The second part of this letter will follow after a certain interval. In it I will try to explain why I wrote that the action of the commission was "a strange way to promote Florida interests." I shall also present some considerations that bear on the assurances consumers must have before they can be satisfied with the measures taken by both industry and Government to insure protection of the "health and welfare" of the public. It will not be necessary because of your special role as director to impress upon you personally what will be my chief point of the second part, viz, the consumer opinion and judgment matters these days and very much deserves to be heeded.

Copies of this letter are being sent to Mr. McNair, to the Honorable Doyle Conner, and as a matter of courtesy to the Honorable Haydon Burns, Governor of your State.
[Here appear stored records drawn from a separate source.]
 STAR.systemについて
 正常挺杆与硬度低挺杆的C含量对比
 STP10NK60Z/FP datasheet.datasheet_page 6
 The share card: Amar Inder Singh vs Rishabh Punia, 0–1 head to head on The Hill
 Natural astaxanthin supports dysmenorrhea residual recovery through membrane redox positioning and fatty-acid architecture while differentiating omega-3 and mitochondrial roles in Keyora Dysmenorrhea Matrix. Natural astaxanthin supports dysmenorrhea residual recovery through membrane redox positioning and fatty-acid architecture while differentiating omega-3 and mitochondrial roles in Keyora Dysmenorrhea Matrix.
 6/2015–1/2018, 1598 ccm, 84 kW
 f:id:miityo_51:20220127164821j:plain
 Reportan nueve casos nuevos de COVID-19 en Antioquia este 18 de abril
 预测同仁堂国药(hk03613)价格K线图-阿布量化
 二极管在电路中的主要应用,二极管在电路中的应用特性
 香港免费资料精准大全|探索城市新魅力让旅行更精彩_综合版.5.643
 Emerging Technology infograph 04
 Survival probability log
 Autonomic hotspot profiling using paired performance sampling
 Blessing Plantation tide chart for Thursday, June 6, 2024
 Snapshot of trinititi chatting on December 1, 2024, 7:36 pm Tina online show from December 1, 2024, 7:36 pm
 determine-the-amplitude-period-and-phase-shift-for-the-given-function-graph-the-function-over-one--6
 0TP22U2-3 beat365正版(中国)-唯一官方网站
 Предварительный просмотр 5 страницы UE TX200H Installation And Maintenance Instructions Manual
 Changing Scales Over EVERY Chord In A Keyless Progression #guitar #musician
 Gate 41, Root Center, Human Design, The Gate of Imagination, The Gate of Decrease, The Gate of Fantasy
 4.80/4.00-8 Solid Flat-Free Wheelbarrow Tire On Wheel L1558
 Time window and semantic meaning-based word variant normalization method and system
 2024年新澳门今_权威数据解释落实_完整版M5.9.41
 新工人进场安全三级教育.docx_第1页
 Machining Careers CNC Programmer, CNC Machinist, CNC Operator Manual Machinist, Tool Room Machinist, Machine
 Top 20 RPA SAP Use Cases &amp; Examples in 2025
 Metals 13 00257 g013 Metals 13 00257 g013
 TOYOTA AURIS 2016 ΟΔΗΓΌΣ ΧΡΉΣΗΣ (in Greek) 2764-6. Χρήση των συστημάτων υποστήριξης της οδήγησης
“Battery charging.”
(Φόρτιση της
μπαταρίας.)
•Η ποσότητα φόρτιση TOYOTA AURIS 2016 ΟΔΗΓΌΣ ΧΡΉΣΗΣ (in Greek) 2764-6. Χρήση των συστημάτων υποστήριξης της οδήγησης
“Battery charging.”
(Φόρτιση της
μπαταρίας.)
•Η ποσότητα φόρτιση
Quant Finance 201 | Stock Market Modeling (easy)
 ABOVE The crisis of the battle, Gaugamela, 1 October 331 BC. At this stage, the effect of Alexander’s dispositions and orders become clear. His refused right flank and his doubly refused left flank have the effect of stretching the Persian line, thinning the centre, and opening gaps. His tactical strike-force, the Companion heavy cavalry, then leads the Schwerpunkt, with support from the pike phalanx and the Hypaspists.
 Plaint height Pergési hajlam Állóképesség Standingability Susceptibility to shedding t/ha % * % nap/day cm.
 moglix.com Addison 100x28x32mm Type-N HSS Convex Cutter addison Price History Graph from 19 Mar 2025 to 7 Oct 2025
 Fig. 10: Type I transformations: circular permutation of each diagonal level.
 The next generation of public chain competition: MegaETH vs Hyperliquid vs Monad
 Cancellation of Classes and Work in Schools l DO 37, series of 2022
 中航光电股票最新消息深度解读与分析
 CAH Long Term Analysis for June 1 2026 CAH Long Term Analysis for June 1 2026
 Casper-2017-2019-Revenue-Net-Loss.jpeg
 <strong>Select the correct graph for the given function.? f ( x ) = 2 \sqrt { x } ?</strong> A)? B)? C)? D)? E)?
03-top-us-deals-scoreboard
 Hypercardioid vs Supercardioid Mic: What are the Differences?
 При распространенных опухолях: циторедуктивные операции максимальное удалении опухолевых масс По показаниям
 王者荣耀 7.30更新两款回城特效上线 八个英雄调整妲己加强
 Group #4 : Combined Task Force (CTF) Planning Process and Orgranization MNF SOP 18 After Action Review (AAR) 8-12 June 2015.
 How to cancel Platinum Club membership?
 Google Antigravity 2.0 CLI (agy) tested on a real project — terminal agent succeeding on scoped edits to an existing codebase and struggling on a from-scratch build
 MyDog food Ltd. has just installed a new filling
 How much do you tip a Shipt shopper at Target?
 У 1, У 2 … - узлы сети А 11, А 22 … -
I shall send copies to other persons in government who are concerned with consumer affairs as well as to certain individuals among the consumers themselves.

Thank you for giving your attention to these analyses and reflections. I should be glad if you would correct me as to any facts or interpretations. Yours very sincerely,

CHARLES W. HENDEL.

MANHATTAN, KANS., April 21, 1965.

Hon. PHILIP A. HART,
U.S. Senate Office Building,
Washington, D.C.

DEAR SENATOR HART: On the 28th of April the truth-in-packaging bill (S. 985) will be considered by the Commerce Committee of the Senate. Since September 1964 I have been purchasing and saving 10-ounce jars of Maxwell House instant coffee to note the labeling policy of this corporation. This is a product of the Maxwell House Division of the General Foods Corp., one of the larger and more influential members of the food manufacturing industry.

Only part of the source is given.